そんな船中の重苦しい雰囲気を払拭したのが右舷トモの平出さん。毎週長谷川丸に通っているという平井さんは自作の直ブラ仕掛け(スッテは5センチ)で手堅く数をのばしていた。
竿は全長1.8メートル、6:4調子のいわゆるゲームロッド。昨今のマルイカ釣りで流行っている直ブラのタタキ釣法ではなく、ソフトな誘いを入れてから止める釣り方に徹していた。
平井さんは底でイカの触りがあるとおっしゃっていたが、なるほど仕掛けの一番下の茶トラカラーのスッテに乗りが集中している。
不思議だったのはこのときプラヅノ仕掛けを使う私に全く乗らなかったこと。イカはプラヅノに飽きると小型のスッテに目が向くのかも!?
平出さんがイカを乗せ続けているのを見て、船長はこの真鶴沖で粘ることに決めた。
さらに時間がたつと底から5メートル上で乗り始めた。相変わらず単発ではあるが、今度は茶トラ以外の赤帽やブルーのスッテにも乗る。
船長によるとスッテを抱くイカは比較的小型が多いとか。たしかに左舷のプラヅノ組には胴長15センチサイズが多く取り込まれている。
私は平出さんを見習い直ブラ仕掛けに替えるも乗せられない。平出さんと同じカラーのスッテを使用してもダメ、同じタナを狙ってもダメ、釣り方を真似してもダメ。プラヅノ仕掛けに戻してもやはりダメだ。
「なんで乗らないの〜分からない!」と思わず叫んでしまうほどである。
残すところ1時間。朝イチに狙った港前のポイントに戻る。底から5メートル上までをていねいに探りながらイカのシグナルを待つことしばし。
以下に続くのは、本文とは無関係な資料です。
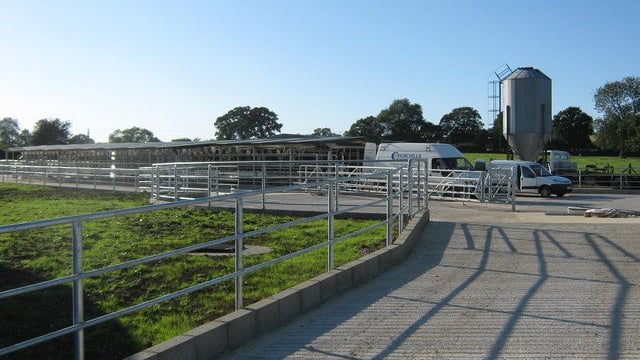 'Nearly one-third of farmers are planning on increasing investment in the next year'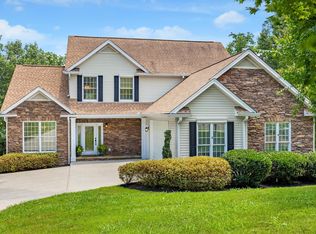 1514 Hawthorne Lndg NW, Cleveland, TN 37312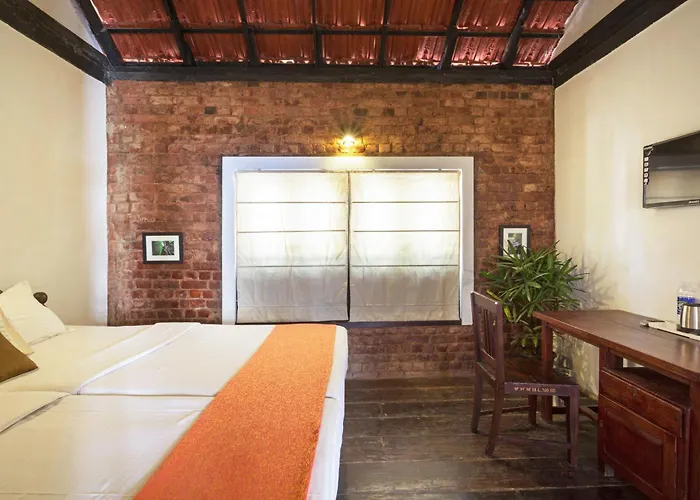 Private villas Niyati - Boutique Stay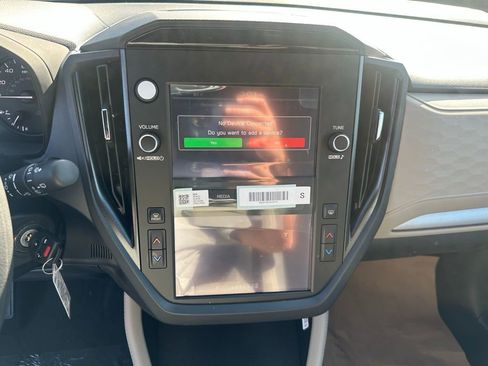 New 2026 Subaru Forester Base image 14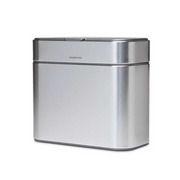 Κάδος Κομποστοποίησης 4L - CW1645 Simplehuman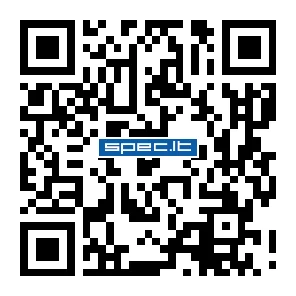 QR kodas | GEOTRONICS VILNIUS, UAB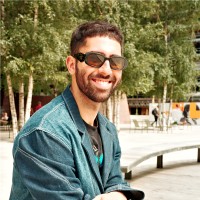 Ryan Faderani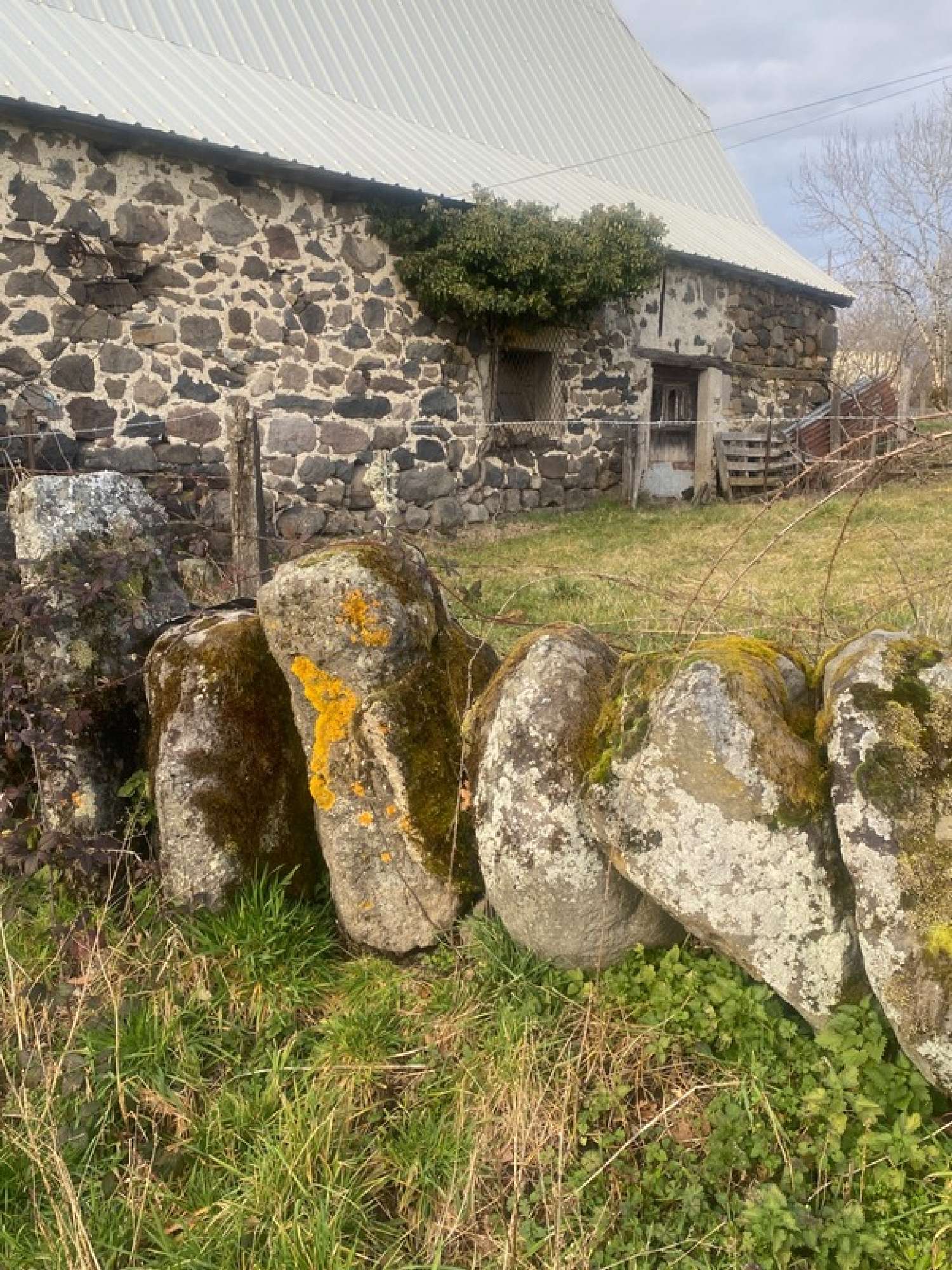  for sale house Mur-de-Barrez Aveyron 6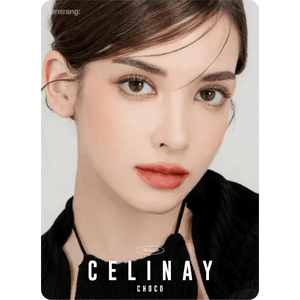 LensRang iWWi Celinay Choco - Idol Karakon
待望の群れに当たりポツポツとイカが釣れ上がった。
沖揚がりは15時。トップは平出さんで31杯。そのほかの皆さんも各自20杯ほどキープしていた。
かくいう私はまさかの1杯。見かねたベテラン土井さんが、
「おいしいから持って帰りな!」とイカを分けてくれた。
帰宅後、いただいたムギイカを刺身で食べたところ……食感は柔らかく、口に広がる甘味も最高。筆舌に尽くしがたい味であった(土井さん、ごちそうさまでした!)。
取材後日の情報によると、小田原南沖の水深80〜100メートルでニセイカサイズをトップ90杯台という日もありと、いかにも最盛期らしい乗りを見せている。これからしばらくは小田原沖から目が離せそうにない。